Think about it. The token received from the IdP is the identity. The relying party trusts the validity of the identity by verifying the token somehow. If verification isn’t done properly an attacker can inject information into the token and elevate their privileges or impersonate another user. This is a fundamental problem:

For example, we found that the RPs of Google ID SSO often assume that message fields they require Google to sign would always be signed, which turns out to be a serious misunderstanding (Section 4.1).

Not all of the data in a token needs to be signed. In fact, if the IdP isn’t the authoritative source of the particular piece of data it may not want to sign that data. If the IdP can’t or wont sign the data, do you really want to trust it?

What’s the rule that’s always hammered into us when writing code? Do not trust user input. Even if it’s supposed to have come from another machine:

[…] when our browser (i.e., Bob’s browser) relayed BRM1 [part 1 of the message exchange], it changed openid.ext1.required (Figure 8) to (firstname,lastname). As a result, BRM3 [part 3 of message exchange] sent by the IdP did not contain the email element (i.e., openid.ext1.value.email). When this message was relayed by the browser, we appended to it alice@a.com as the email element. We found that Smartsheet accepted us as Alice and granted us the full control of her account.

If you receive a message that contains something you need to use you, not only do you have to validate that it’s in the right format, but you have to validate that it hasn’t been modified or tampered with before it hits your code.

This is something I’ve talked about before, but in a more generalized nature. Validate-validate-validate!

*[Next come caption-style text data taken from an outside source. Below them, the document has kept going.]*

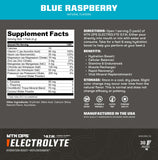 MTN OPS etiqueta de ingredientes que muestra electrolitos clave claramente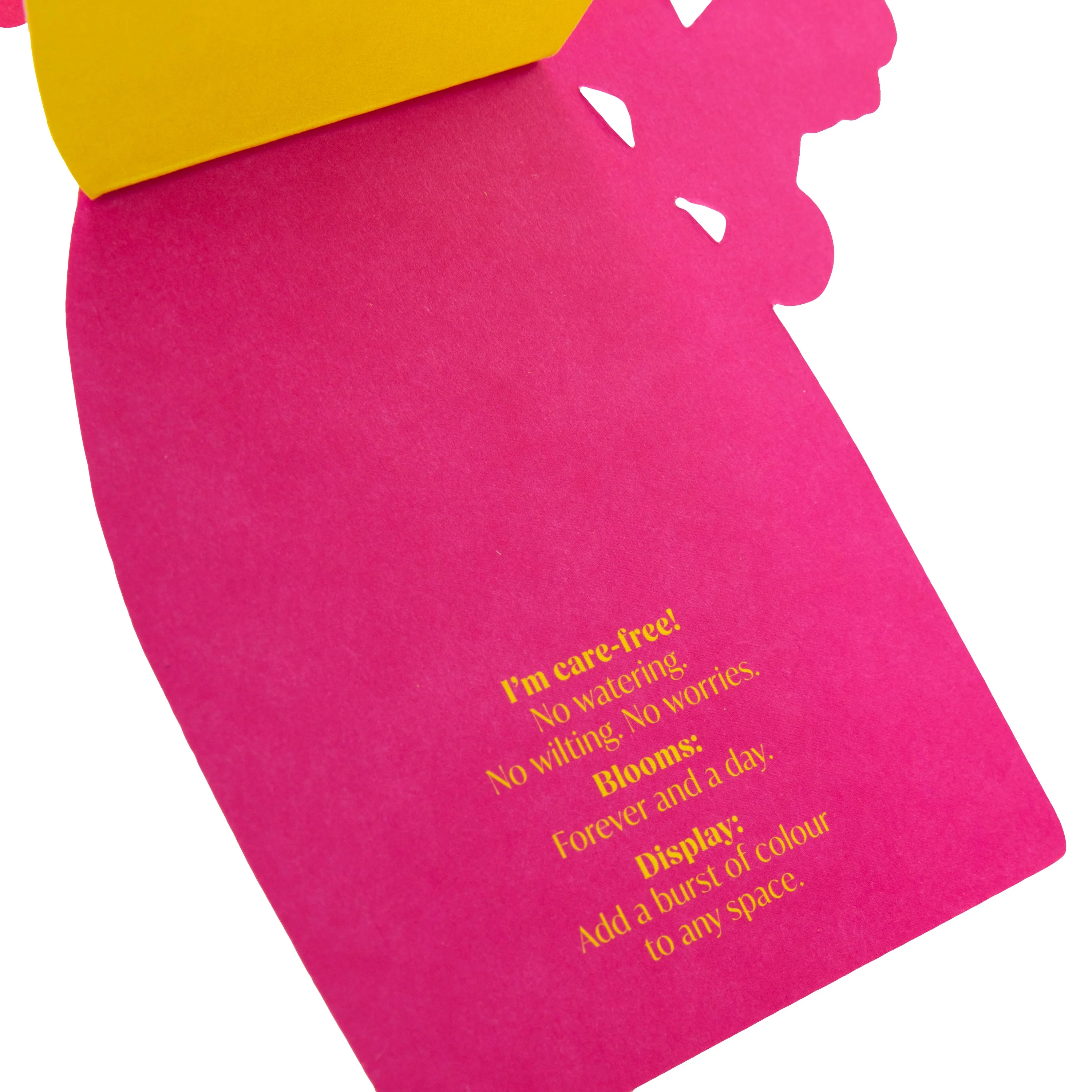 Magical Botanicals Paper Flowers 'Delights' - Die Cut Yellow Vase - Image 7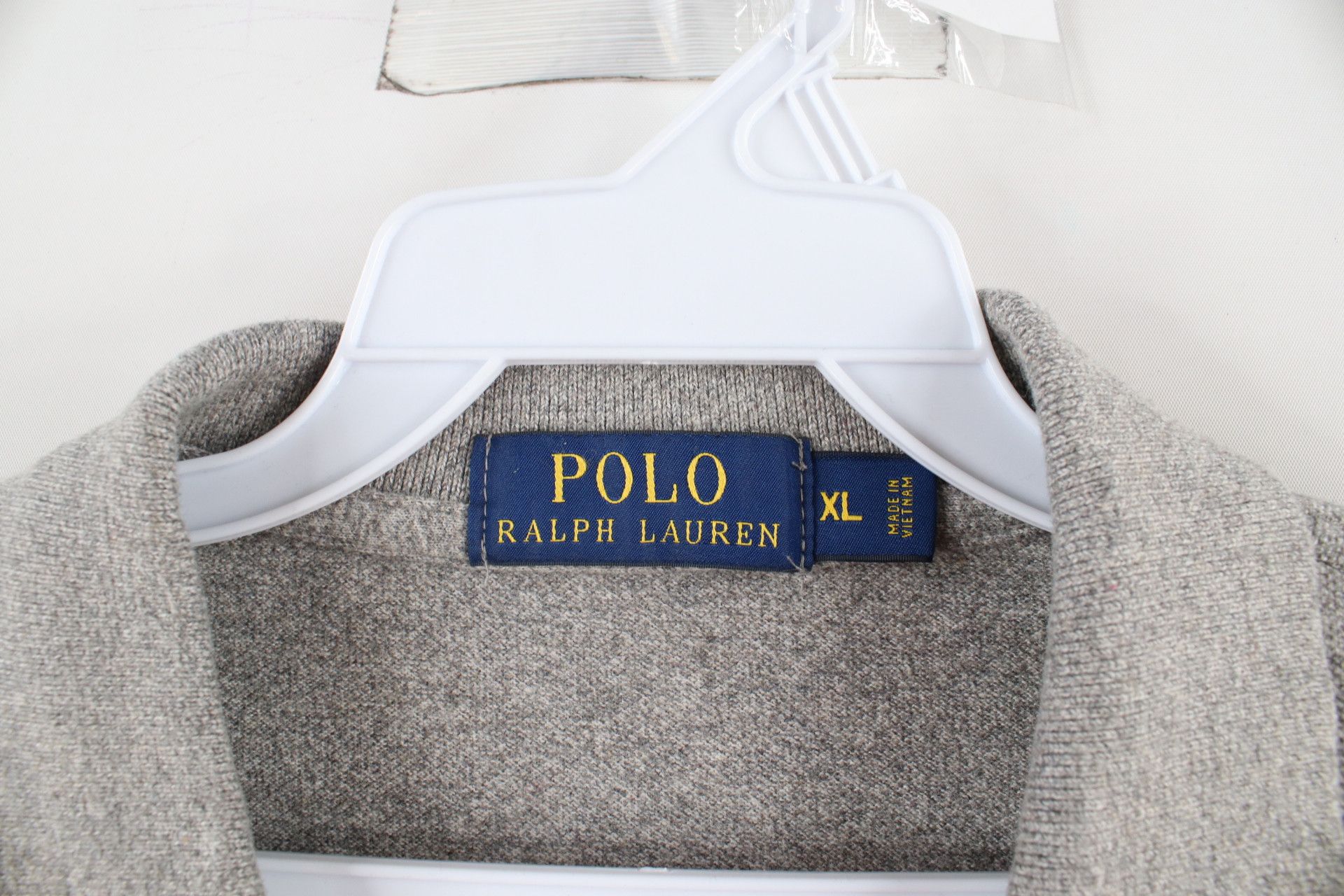 Ralph Lauren × Vintage Vintage Ralph Lauren Long Sleeve Polo Shirt Heather Gray Size US XL / EU 56 / 4 - 5 Thumbnail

As an aside, an interesting observation made in the research is that all of this was done through black-box testing. The researchers didn’t have access to any source code. So if the researchers could find problems this way, the attackers could find problems the same way:

Our study shows that not only do logic flaws pervasively exist in web SSO deployments, but they are practically discoverable by the adversary through analysis of the SSO steps disclosed from the browser, even though source code of these systems is unavailable.

This tends to be the case with validation problems. Throw a bunch of corrupted data at something and see if it sticks.

They also realized that their biggest challenge wasn't trying to understand the protocol, but trying to understand the data being used within the protocol.

For every case that we studied, we spent more time on understanding how each SSO system work than on reasoning at the pure logic level.

The fundamental design of a Single Sign On service doesn’t really change between protocols.  The protocols may use varying terms to describe the different players in the system, but there are really only three that are important: the IdP, the RP, and the client. They interact with each other in fundamentally similar ways across most SSO protocols. It’s no surprise that understanding the data was harder than understanding the logic.

They didn’t go into much detail about why they spent more time studying data, but earlier they talked about how different vendors used different variations on the protocols.

[…] the way that today’s web SSO systems are constructed is largely through integrating web APIs, SDKs and sample code offered by the IdPs. During this process, a protocol serves merely as a loose guideline, which individual RPs often bend for the convenience of integrating SSO into their systems. Some IdPs do not even bother to come up with a rigorous protocol for their service.

In my experience the cost of changing a security protocol for the sake of convenience is usually protocol security. It usually doesn’t end well.